Want more? Subscribe to my free newsletter:

Pro-tip: How To Backup All Of Your GitHub Repositories In One Go

March 27, 2012

Today, I’m going to present solutions for easily backing up all of your GitHub repositories in just a step or two. Minimal knowledge of GitHub fundamentals are assumed but if you have experience with writing in Ruby that'll be a plus. This won't however hinder your ability to get the most out of this post, so let's get started.

Discussion

We live in a great time for open-source development and the availability of free plans for services like GitHub and Google Code have undeniably had an implicit affect on our ability to push projects out as a community.

One side-effect of this that with each new commit we make, we have an increasing reliance on these services having both perfect uptime and always being available. So..crazy thought of the day: what if GitHub wasn’t available for a few hours? Or even more pragmatically, what if you were concerned about your cloud-hosted repositories simply dissapearing.

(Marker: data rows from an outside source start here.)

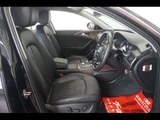 2013 Audi A6 2.8 FSI 4WD Sedan for sale, Japanese used car export - photo 18 of 24 | GULJI TRADERS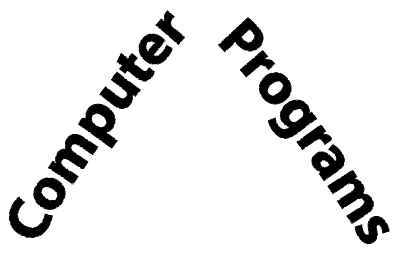 Marc Evanstein Composer - Ocean Illustrations - Gorgeous Desktop Collection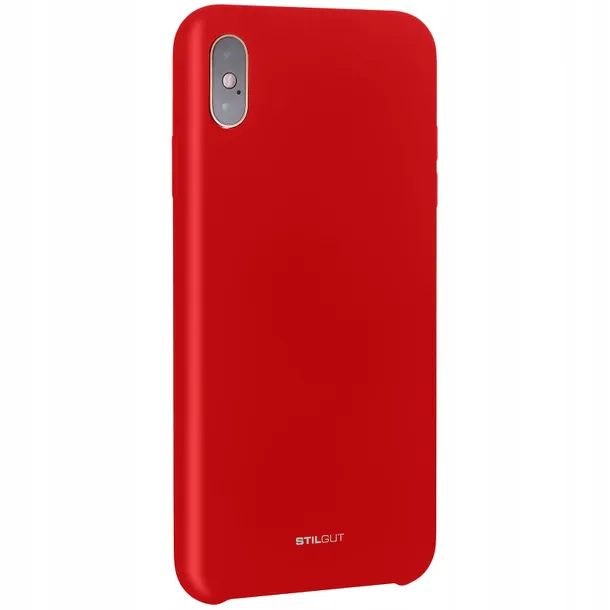 etui-do-apple-iphone-xs-max-silicon-oryginal-stil-dedykowany-model-iphone-xs-max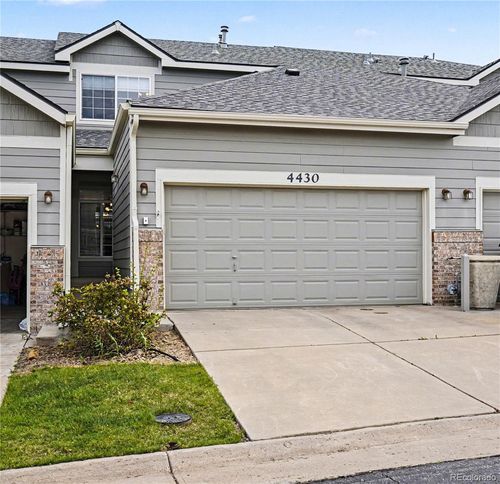4430 S Jebel Ln, Centennial, CO, 80015-5497 | Card Image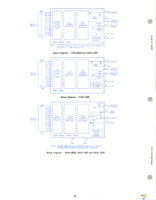 HDS-1250ATM Page 6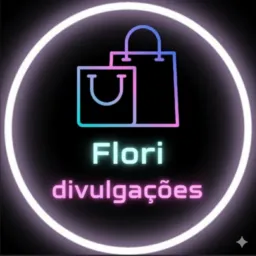 📢 Flori Divulgações 📢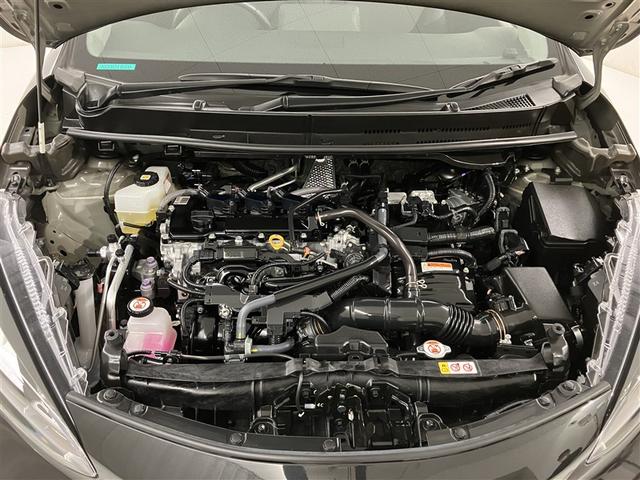 アクア Ｇ　ナビ　バックカメラ　ＥＴＣ２．０　衝突回避ブレーキ　整備手帳　ワンオーナ　ＶＳＣ　衝突軽減ブレーキ　ＬＥＤ　クルーズコントロール　スマートキー　ＡＣ１００Ｖ　ドライブレコーダー　イモビライザー（40枚目）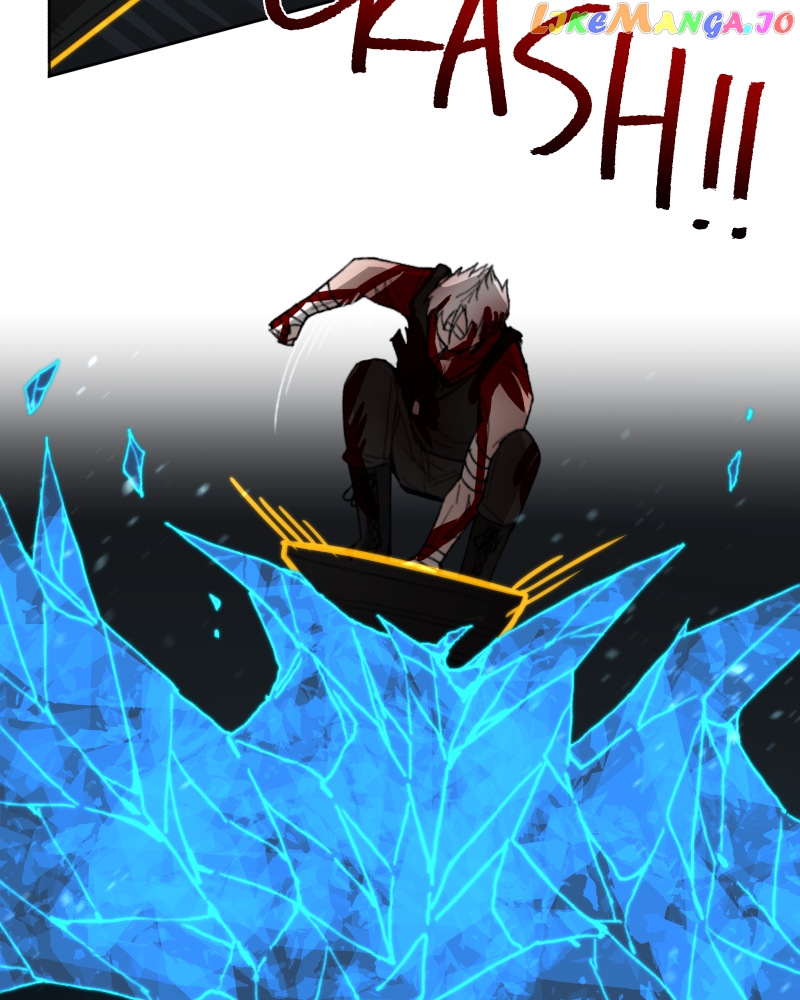 Code Adam Chapter 26 - page 9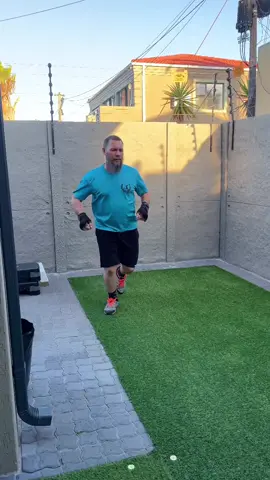 Gents only Training  Crawford Area Whatsapp Grant 0812466032 #fit #Fitness #fitnessmotivation #workout #training #gentsonly #fitnesstiktok #wedotransformations #transformation #raisethebar #bodygoals #jointoday 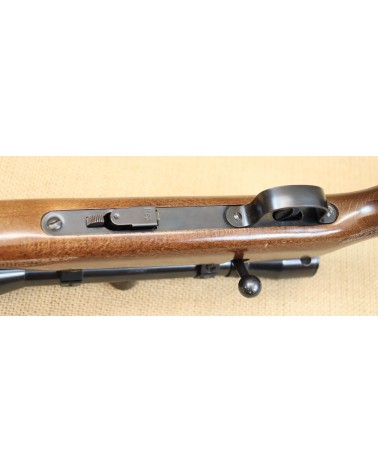 Repetierbüchse, Voere, Kal. 22lr - Bild 13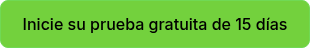 Inicie su prueba gratuita de 15 días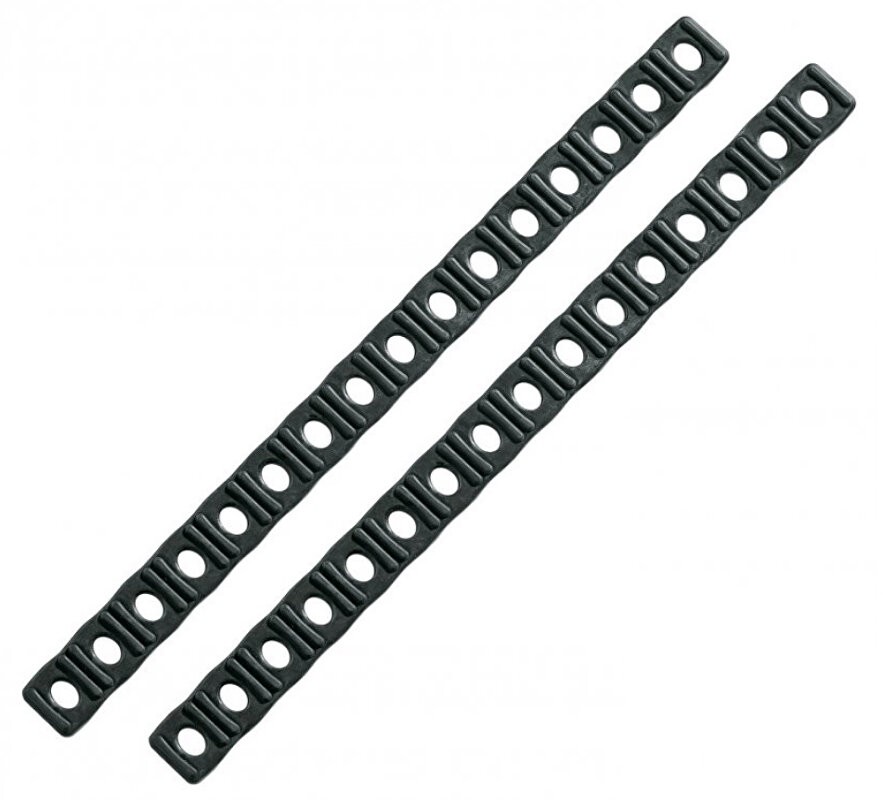 Upínacia guma blatníkov SKS pod rám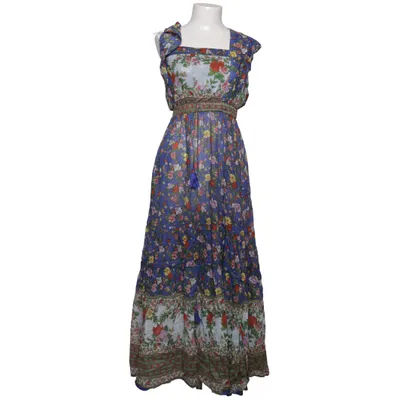 Maxi dress (Isla Bonita Sigris) from Isla Bonita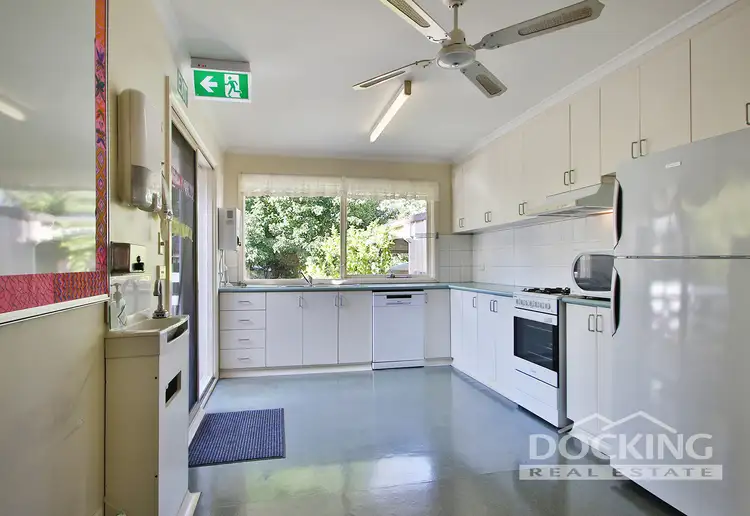 Fourth view of Homely house listing, 20 Jolimont Road, Forest Hill VIC 3131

I might not be a typical user. I have a (relatively) large number of GitHub repos and almost no single system at work or at home has a local, up to date copy of all of these on them.

I was reminded about this the other day and thought it would be useful useful to share some solutions for backing up an account with just a few keystrokes at the terminal.

Solutions

Backup all repositories (but no additional content: e.g wikis, forks)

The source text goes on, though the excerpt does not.